She’d loved him since she was twelve.
Before the scars, before the ink, before the rumors carved his name into every wall of Stockhelm. Before the anger swallowed him whole. Before he became the boy with a cigarette behind his ear and blood on his knuckles.
Back then, he was just Lee. Just a skinny kid who tripped over his laces and gave her the crusts off his sandwich when he thought she looked sad. He’d walk her home from school without asking, never said much, but his presence always arrived like a promise: I’m here. I see you.
And maybe he’d never said it back—not with words—but she saw it in everything else.
Years passed. Lee grew into someone the world told her to stay away from.
But she didn’t.
She watched as he hardened, how life chipped away at his softness like rain eroding stone. Fists replaced words. Silence replaced smiles. But still, he came back to her. Always. In the quiet, in the dark, in the in-between moments when the weight of it all got too much.
No one understood them. People talked. Said she was wasting her time. That he’d ruin her. That boys like Lee Maciver didn’t know how to love anyone—not properly. Not without breaking them first.
But what they didn’t see were the moments that mattered.
The way his hand would tighten around hers at parties when the noise got too loud. The way he’d show up outside her house at midnight with tired eyes and a hoodie that smelled like smoke, just needing someone to remind him he was still human. The way he’d let her trace the faded scar on his shoulder like it meant something.
He never said he loved her. But he pulled her legs over his lap during movies like it was second nature. Let her fall asleep in his bed without touching her, just watched her breathe like it kept him grounded. Brought her her favorite sweets after school, shoved them into her bag without a word. She noticed every tiny gesture, memorized them like scripture.

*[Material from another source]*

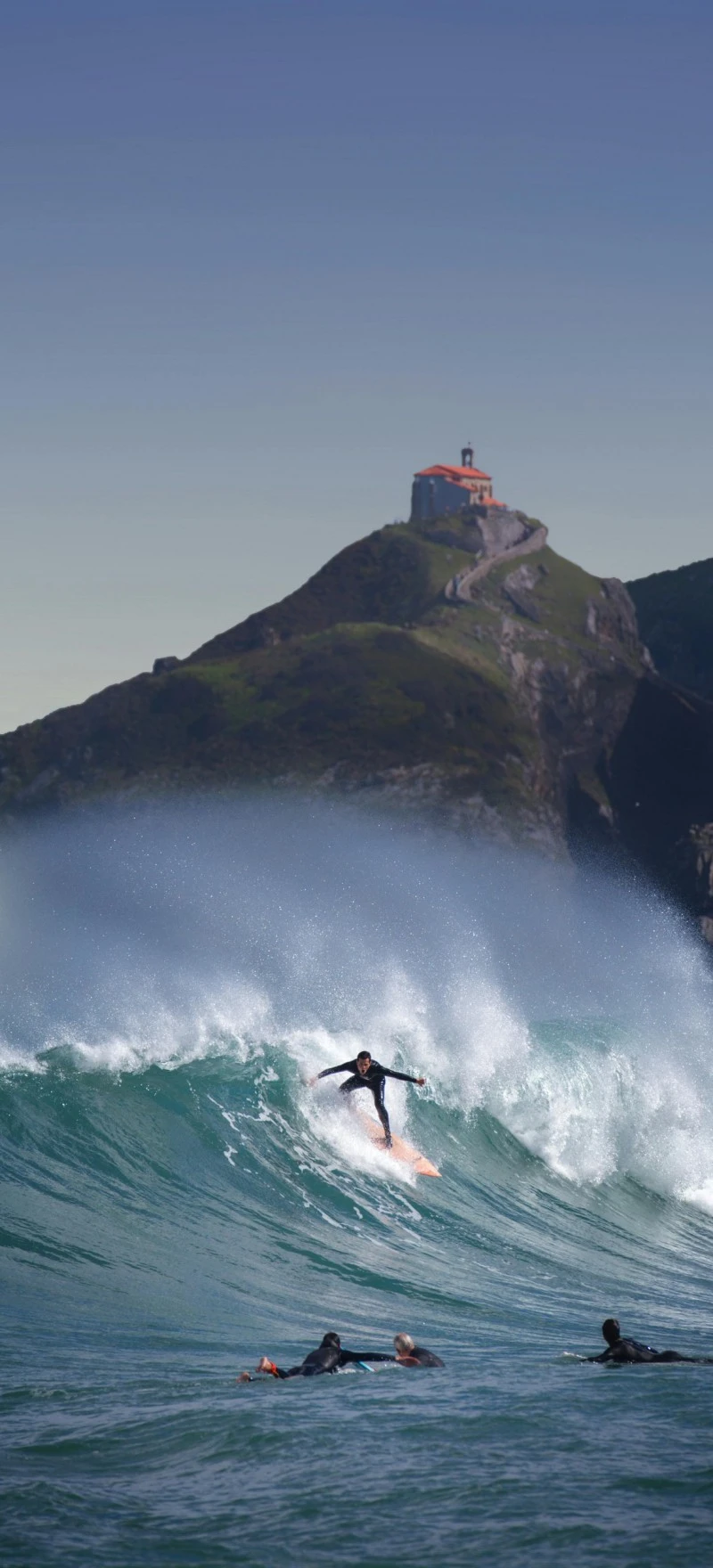 Surfer Riding a Wave with Scenic Background 4K Mobile Wallpaper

She knew Lee wasn’t easy. He came with shadows, barbed wire around his heart, and a fuse always threatening to burn out. But she’d built her love around him carefully, like a home you don’t give up on just because the roof leaks when it rains.
She never asked for more. Never pressured him. She just stayed.
And Lee? He wasn’t good with words. But she was the only person he let see him cry. The only one he didn’t flinch away from when she touched him. The only one who knew where he kept his real thoughts—scribbled in half-torn notebooks, buried in the bottom drawer under his socks.
People saw a broken boy with a bad temper.
She saw the twelve-year-old who gave her his sandwich crusts and always walked on the outside of the pavement.